Selling a Product As Well As One's Abilities
6 February 2016 | by (United States) – See all my reviews

PERHAPS IT WAS the experiences of the Depression followed by the struggles of winning World War II that energized our taste In that which we consider to be funny, but it would appear that we treated to having our hero taking turns with a parade of various jobs. Was this an unconscious and therefore unintentional celebration of better times? COULD THIS BE a reaction to the New Deal years and the reliance on abbreviations such as: NRA, CCC, WPA and, PWA? Or could we be reading too much into this? What do you think, Schultz? BUT WE DIGRESS, let's move on.

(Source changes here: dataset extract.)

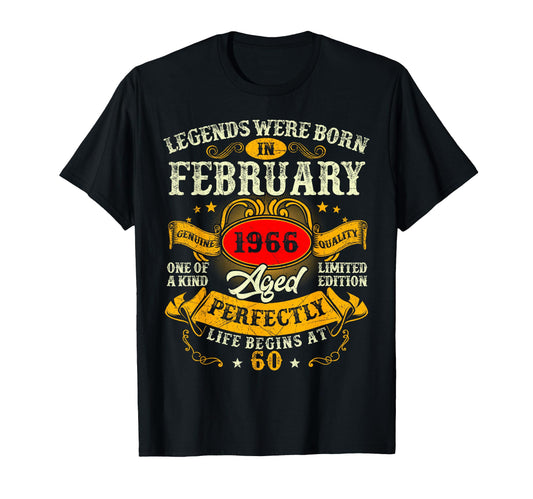 60Th Birthday Legends Were Born February T-Shirt - Minimalist Print Unisex - T-Shirt, Sweatshirt, Hoodie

IN THIS INSTALLMENT, we zero in on Joe Mc Doakes, already employed as a door-to-door salesman, who is having serious problems living up to expectations of his heavily militarized company. The boss is a real martinet, who doubtless was shaped by his own wartime experiences, which narrator Art Gilmore eve mentions.

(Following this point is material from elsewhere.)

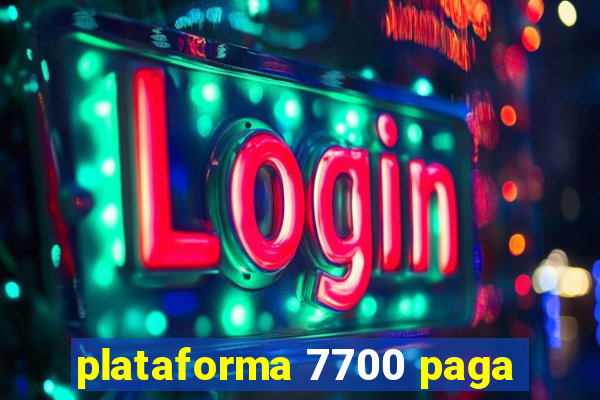 plataforma 7700 paga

WE ARE TREATED to a series of doorway encounters between Joe and various household people (Mostly women, of course) who all seem to have no interest in buying a vacuum cleaner. As we progress from one household to the next, we see his sales handbook with a different rule of thumb highlighted each time.

IN THIS COMEDY, Mr. George O'Hanlon's aptitude for mugging to the camera as he looks to us, the audience members, for sympathy is exploited to the maximum. Added to that element are some great, cartoon-like gags that greatly aid in not only producing the laughs; but also in moving the story along to a successful, pleasing and very funny conclusion.

WE'RE THINKING THAT this sort of free wheeling sales was popular during the late '40s; though we cannot say so from experience. Having been born in 1946, we were around then, but were a trifle truly "wet behind the ears!" Our conclusion about this sort of direct sales activity is fueled by having seen it at the center of so many movies and old TV episodes of the period.

AS EXEMPLIFYING THIS assertion, we cite the Red Skelton starring comedy vehicle, THE FULLER BRUSH MAN (Edward Small Prod./Columbia Pictures, 1948); which of course this short predated by a year.